According to a report from 9to5Mac published late last week, Apple is looking to patch up the In-App purchase hack in iOS 6 and has issued best practices to developers in an email as well as a temporary solution. This will allow developers to temporarily fix the issue until a proper fix can be released in the update. The purchase issue was originally created by a Russian hacker who created a hack allowing users to illegally download in-app purchases for free.
This is a serious issue for developers who are losing lots of revenue, as some in-app purchases can range anywhere from $0.99 to $99.99. The hack can be done in three steps and works from iOS 3 to the current version of iOS 5.The hack is creating a major security issue, especially with users attaching the hack to iOS devices with personal information, such as email accounts, Facebook, and credit card info which is susceptible to being stolen through the hack itself.
Apple is now reportedly cracking down on the hack by providing developers with best practices in order to use on their apps, to ensure that their apps are not affected. In the same email as the best practices, Apple also included a web document, giving developers a background on the hack and solutions to fix it. Apple has confirmed that a fix is coming in iOS 6, to be released later this fall.
A vulnerability has been discovered in iOS 5.1 and earlier related to validating in-app purchase receipts by connecting to the App Store server directly from an iOS device. An attacker can alter the DNS table to redirect these requests to a server controlled by the attacker. Using a certificate authority controlled by the attacker and installed on the device by the user, the attacker can issue a SSL certificate that fraudulently identifies the attacker’s server as an App Store server. When this fraudulent server is asked to validate an invalid receipt, it responds as if the receipt were valid. iOS 6 will address this vulnerability. If your app follows the best practices described below then it is not affected by this attack.

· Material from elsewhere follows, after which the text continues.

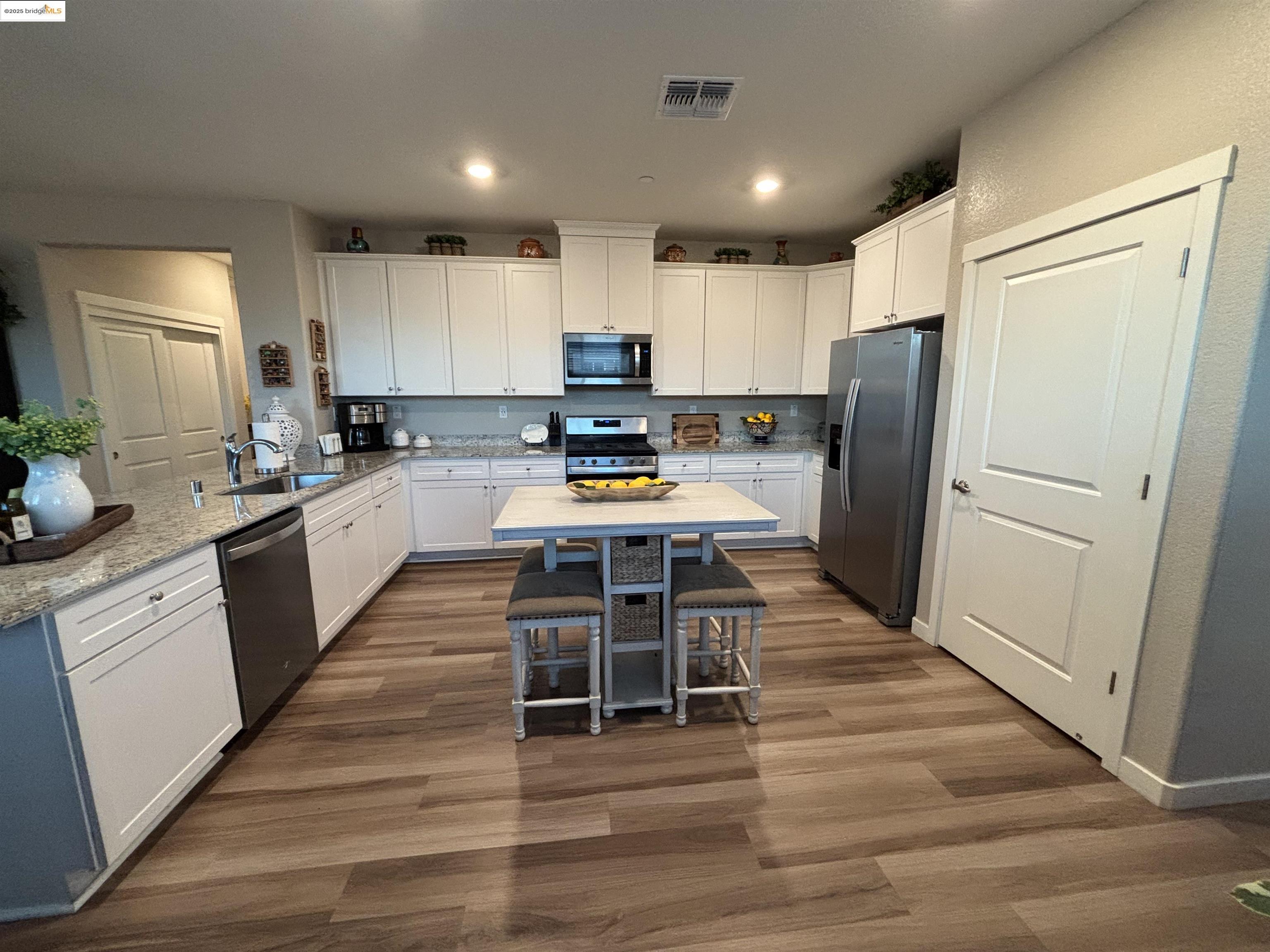 2107 Lavender Place Rio Vista, CA 94571 - Photo 12 of 45 a kitchen with stainless steel appliances a refrigerator stove microwave and cabinets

This is an issue that Apple is taking seriously as it not only affects the revenue stream for both the Cupertino company developer community, but also affects the users who are risking their personal information on their devices by installing the hack. Although Apple’s temporary fix will hold off the hack for some time, iOS 6 will ultimately fix the issue for both developers and patch it up for users. iOS 6 is expected to be released in October, alongside new iPhone 5 and new iPad hardware.